Source records START

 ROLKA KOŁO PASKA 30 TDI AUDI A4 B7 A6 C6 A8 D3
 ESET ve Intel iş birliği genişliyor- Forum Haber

Source records END
Source records START

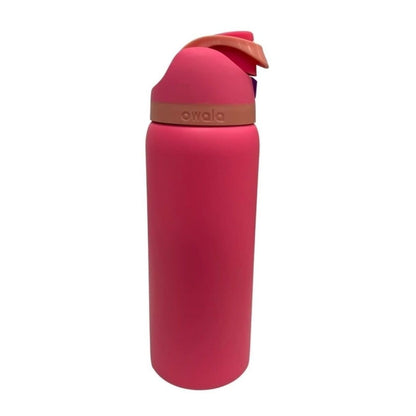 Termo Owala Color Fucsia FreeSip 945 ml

Source records END
Source records START

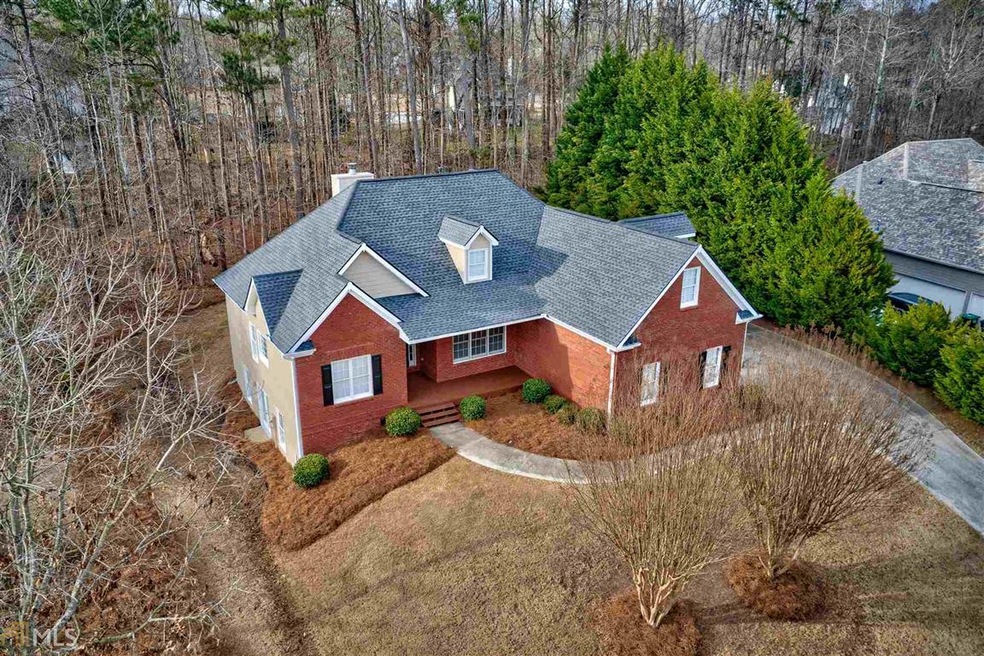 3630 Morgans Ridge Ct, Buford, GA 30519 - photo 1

Source records END

## What to do
Quote the listing above, but only from the line that shows "ROLKA KOŁO PASKA" through the line that shows "ESET ve Intel".

## Result of the exercise
 ROLKA KOŁO PASKA 30 TDI AUDI A4 B7 A6 C6 A8 D3
 ESET ve Intel iş birliği genişliyor- Forum Haber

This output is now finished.